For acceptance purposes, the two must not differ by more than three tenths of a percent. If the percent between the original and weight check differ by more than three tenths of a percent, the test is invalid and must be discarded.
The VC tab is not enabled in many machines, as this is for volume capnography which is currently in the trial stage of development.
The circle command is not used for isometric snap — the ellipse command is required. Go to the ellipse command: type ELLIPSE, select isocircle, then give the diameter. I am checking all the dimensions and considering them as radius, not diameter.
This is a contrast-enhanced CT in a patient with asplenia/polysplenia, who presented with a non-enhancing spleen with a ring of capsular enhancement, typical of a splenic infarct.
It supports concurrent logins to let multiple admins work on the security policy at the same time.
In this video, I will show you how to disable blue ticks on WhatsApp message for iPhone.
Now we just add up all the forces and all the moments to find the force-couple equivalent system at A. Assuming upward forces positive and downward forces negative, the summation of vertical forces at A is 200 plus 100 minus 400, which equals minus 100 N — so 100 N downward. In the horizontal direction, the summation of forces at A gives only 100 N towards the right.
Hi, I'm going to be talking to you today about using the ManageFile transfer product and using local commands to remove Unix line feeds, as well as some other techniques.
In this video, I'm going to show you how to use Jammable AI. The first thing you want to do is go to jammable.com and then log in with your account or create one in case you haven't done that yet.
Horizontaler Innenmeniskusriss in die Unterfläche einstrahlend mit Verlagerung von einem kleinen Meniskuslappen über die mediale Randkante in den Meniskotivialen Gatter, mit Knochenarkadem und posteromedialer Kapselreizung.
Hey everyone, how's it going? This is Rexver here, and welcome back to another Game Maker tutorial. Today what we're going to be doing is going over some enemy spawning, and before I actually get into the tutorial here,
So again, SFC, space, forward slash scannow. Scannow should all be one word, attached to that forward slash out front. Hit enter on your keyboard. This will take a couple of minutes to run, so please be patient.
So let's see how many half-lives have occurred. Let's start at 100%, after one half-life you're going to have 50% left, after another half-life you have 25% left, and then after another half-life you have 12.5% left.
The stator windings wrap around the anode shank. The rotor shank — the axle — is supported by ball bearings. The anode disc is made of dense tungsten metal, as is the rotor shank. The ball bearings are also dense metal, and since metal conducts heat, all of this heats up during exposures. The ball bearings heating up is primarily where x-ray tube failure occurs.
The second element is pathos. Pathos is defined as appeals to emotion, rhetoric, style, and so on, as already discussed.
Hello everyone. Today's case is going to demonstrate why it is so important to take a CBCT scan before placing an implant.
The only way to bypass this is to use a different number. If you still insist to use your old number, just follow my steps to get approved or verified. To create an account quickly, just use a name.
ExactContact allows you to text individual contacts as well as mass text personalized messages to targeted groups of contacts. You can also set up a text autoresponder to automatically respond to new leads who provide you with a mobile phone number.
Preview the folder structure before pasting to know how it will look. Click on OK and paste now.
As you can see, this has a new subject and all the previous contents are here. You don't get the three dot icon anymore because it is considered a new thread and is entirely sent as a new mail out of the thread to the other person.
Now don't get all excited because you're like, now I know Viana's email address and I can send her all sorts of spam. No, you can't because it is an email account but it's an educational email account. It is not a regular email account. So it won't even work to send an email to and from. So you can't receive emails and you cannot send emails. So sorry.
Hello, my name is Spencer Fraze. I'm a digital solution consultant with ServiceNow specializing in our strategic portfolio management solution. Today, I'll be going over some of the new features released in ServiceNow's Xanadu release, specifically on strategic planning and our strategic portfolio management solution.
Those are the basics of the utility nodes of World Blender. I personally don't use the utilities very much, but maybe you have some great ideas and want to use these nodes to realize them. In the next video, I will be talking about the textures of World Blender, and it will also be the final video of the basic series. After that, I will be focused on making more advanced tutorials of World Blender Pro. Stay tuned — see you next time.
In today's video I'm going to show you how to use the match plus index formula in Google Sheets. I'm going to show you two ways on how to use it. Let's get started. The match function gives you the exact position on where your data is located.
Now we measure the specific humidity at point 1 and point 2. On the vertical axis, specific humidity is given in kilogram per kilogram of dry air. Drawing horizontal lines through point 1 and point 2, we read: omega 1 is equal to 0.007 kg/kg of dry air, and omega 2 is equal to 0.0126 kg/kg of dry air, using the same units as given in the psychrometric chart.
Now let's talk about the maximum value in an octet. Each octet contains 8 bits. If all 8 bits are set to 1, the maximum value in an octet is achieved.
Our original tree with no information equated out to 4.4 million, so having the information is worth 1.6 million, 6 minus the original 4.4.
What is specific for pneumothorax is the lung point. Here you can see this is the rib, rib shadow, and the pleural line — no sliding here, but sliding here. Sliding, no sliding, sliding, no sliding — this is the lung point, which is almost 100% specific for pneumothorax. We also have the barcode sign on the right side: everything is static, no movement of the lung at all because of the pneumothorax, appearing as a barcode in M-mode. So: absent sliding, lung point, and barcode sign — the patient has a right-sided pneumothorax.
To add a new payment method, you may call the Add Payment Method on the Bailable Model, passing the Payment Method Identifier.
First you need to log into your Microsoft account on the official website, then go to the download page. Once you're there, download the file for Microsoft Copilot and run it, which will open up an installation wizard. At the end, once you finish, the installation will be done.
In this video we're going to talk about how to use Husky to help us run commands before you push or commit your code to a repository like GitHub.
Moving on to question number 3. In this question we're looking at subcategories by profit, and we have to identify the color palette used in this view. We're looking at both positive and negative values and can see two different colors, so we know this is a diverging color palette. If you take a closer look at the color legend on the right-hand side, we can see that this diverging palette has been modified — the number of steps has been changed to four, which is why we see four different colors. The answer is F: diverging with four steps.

■ **YOUR OBJECTIVE**
Starting with the first line of the data above, copy each line exactly until you reach the line with "Now we just"; include that line as well.

■ **RESULT FOR THIS EXERCISE**
For acceptance purposes, the two must not differ by more than three tenths of a percent. If the percent between the original and weight check differ by more than three tenths of a percent, the test is invalid and must be discarded.
The VC tab is not enabled in many machines, as this is for volume capnography which is currently in the trial stage of development.
The circle command is not used for isometric snap — the ellipse command is required. Go to the ellipse command: type ELLIPSE, select isocircle, then give the diameter. I am checking all the dimensions and considering them as radius, not diameter.
This is a contrast-enhanced CT in a patient with asplenia/polysplenia, who presented with a non-enhancing spleen with a ring of capsular enhancement, typical of a splenic infarct.
It supports concurrent logins to let multiple admins work on the security policy at the same time.
In this video, I will show you how to disable blue ticks on WhatsApp message for iPhone.
Now we just add up all the forces and all the moments to find the force-couple equivalent system at A. Assuming upward forces positive and downward forces negative, the summation of vertical forces at A is 200 plus 100 minus 400, which equals minus 100 N — so 100 N downward. In the horizontal direction, the summation of forces at A gives only 100 N towards the right.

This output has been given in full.